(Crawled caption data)
○ ○ ○ ○ ○

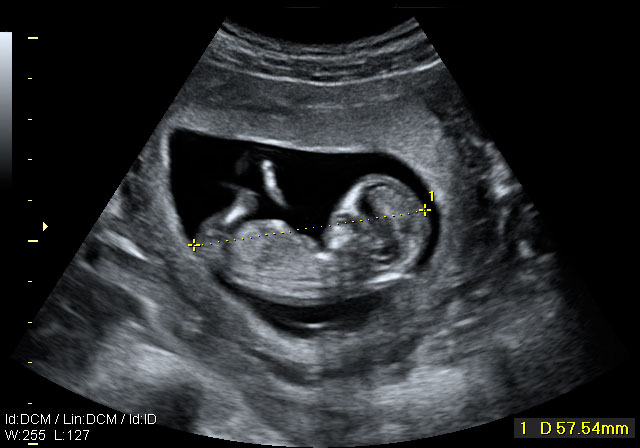 Ecografía bidimensional de un feto de 12 semanas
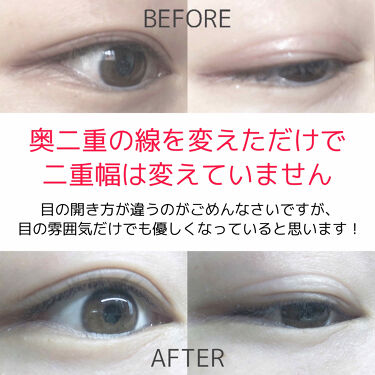 二重になる方法 のび る アイテープ 絆創膏タイプ Daisoの使い方や二重メイク メイクと並行すれば3 By 亜 莉 乾燥肌 10代後半 Lips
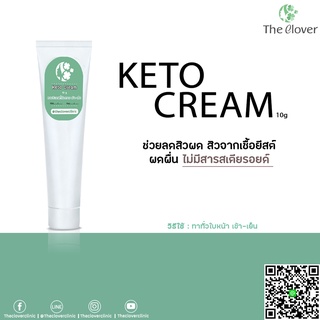 KETO CREAM ช่วยลดสิวผด ผดผื่น แพ้ง่าย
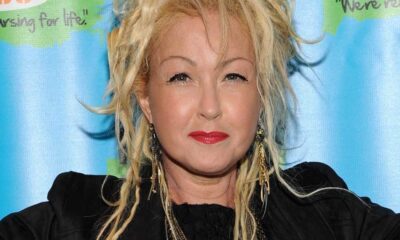 Cyndi Lauper Shares Tips For Managing Psoriasis Symptoms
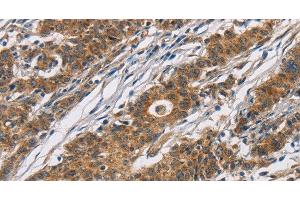 Immunohistochemistry of paraffin-embedded Human gasrtic cancer tissue using CYP21A2 Polyclonal Antibody at dilution 1:60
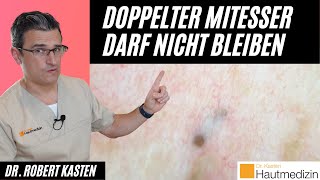 Doppelt endender Mitesser Darf nicht bleiben  Dr Kasten Hautmedizin in Mainz mitesser [upl. by Ecnesse]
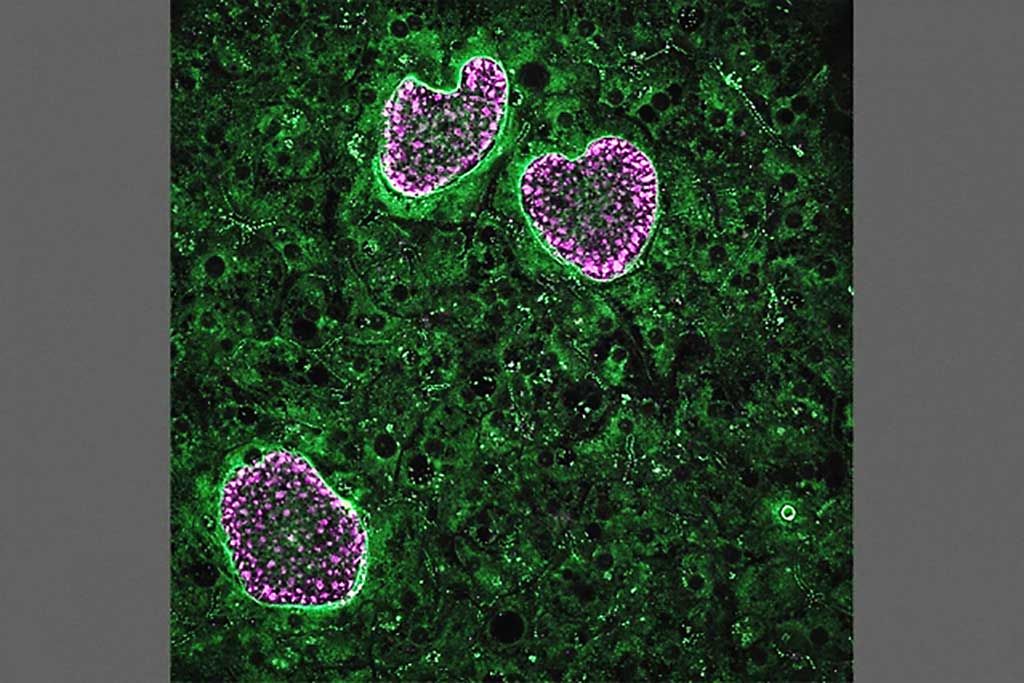 Imagen: Cuatro parásitos de Plasmodium vivax que han invadido hepatocitos humanos. Tres de los parásitos están en desarrollo, mientras que un parásito, en la parte inferior izquierda, es un hipnozoito latente, que permanece pequeño hasta su reactivación (Fotografía cortesía de Nil Gural).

○ ○ ○ ○ ○

◆ TO DO: Beginning with the first line of the entries above, repeat each line word for word until the line with "Immunohistochemistry of paraffin-embedded" has been given too. Omit the pictures.

◆ SOLUTION TO THE EXERCISE:
 Ecografía bidimensional de un feto de 12 semanas
 二重になる方法 のび る アイテープ 絆創膏タイプ Daisoの使い方や二重メイク メイクと並行すれば3 By 亜 莉 乾燥肌 10代後半 Lips
 KETO CREAM ช่วยลดสิวผด ผดผื่น แพ้ง่าย
 Cyndi Lauper Shares Tips For Managing Psoriasis Symptoms
 Immunohistochemistry of paraffin-embedded Human gasrtic cancer tissue using CYP21A2 Polyclonal Antibody at dilution 1:60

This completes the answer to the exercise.